I sort of changed subjects while on the topic of saving time, from planer vs. router to drill bits.
I just use the drill for insert and fin holes, that's all I meant about the drill bits.
With the planer, the key is how you work it.
Set the blade to take a little bite (maybe 0.5-1mm?), and work the planer at a diagonal across the blank tip so the planer is following its nose, with the back part or body hanging free.
This establishes a "Step" at the tip of the board that is about 1/3 or so of the width of the planer.
Advance the planer and repeat, but this time the body of the planer can rest on the step you just created, so the planer should be more stable and easy to control. After this pass the step will be twice its former width. Repeat until you have done enough.
Go back to the tip and start over to create a second "step", repeating passes to advance the second step as far as your planned taper requires.

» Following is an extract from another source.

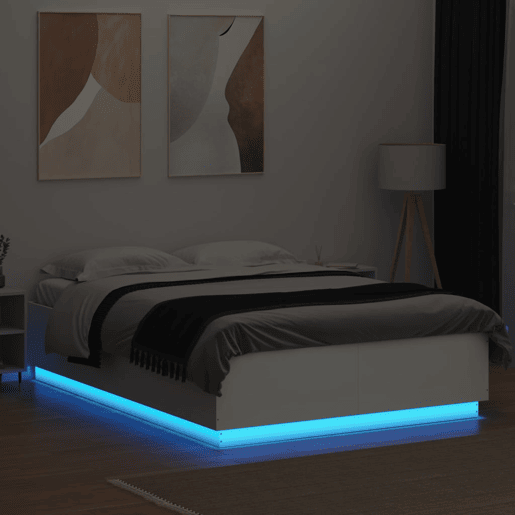 Estrutura De Cama De Casal c luzes LED - 150x200 cm derivados madeira branco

After roughing out the taper this way, forming several steps, it's time to smooth off the steps into a smooth taper. This can be done by taking lengthwise strokes with the planer from the middle of the blank to the tips, but it's easy to introduce longitudinal ridges this way. You could instead run the planer sideways across the core, so the blade knocks down the projecting steps, but this too can cause issues, depending on your planer, its settings, your technique, etc.

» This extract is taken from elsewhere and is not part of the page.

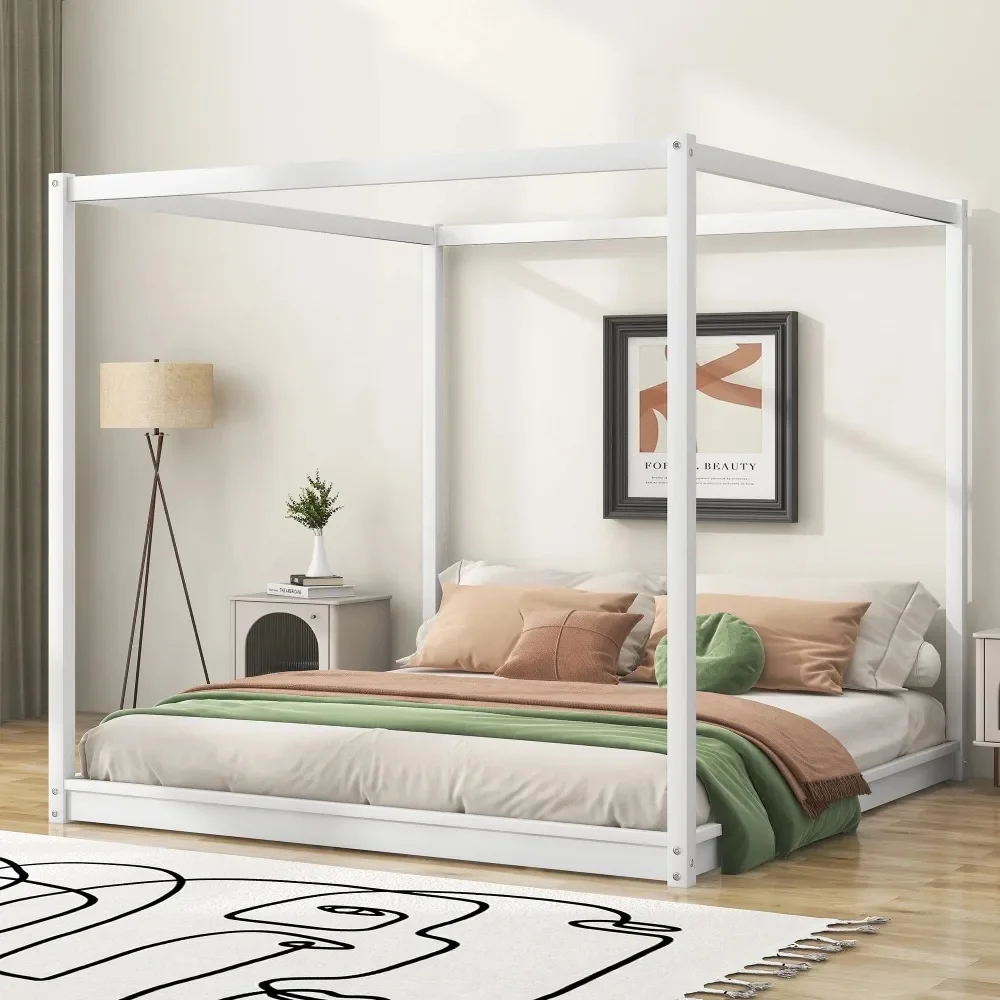 Cama moderna con plataforma de suelo con dosel tamaño King, marco de cama  con dosel de 4 postes de madera maciza para niños, adolescentes y adultos /  Muebles para niños, image size:1000x1000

You may prefer to use a disk or RO sander, sanding block or plane to knock down the steps instead.
Anyway, once you have established a taper, you can use the planer to thin it out uniformly with longitudinal and diagonal strokes.
That's how I do it. If the router works better for you nothing wrong with it.

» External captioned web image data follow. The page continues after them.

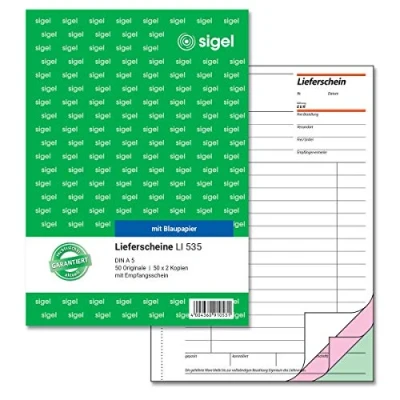 Abbildung von SIGEL LI535 Lieferscheine mit Empfangsschein, A5, 3x50 Blatt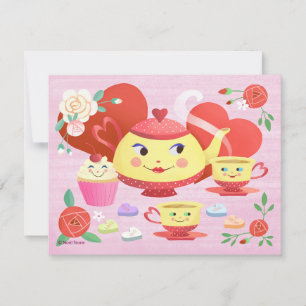 Invitation Tea Set Vintage de Thé de la Saint Valentin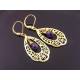 Amethyst and Golden Filigree Chandelier Earrings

For the router you may not need a full jig, basically just a plate or sled to carry the router.
You can use all sorts of blocks or props to run the sled across, in case you want to change the angle of the taper. Just make sure they are secured and oriented correctly before cutting! Or maybe you prefer a jig.

Also, I start with a blank with no taper, usually.
You could of course choose to taper each strip before glue-up. Never done that myself.
One more idea, if a vac table sounds like a pain, double sided carpet tape will also hold down a core pretty well, if you are careful removing it.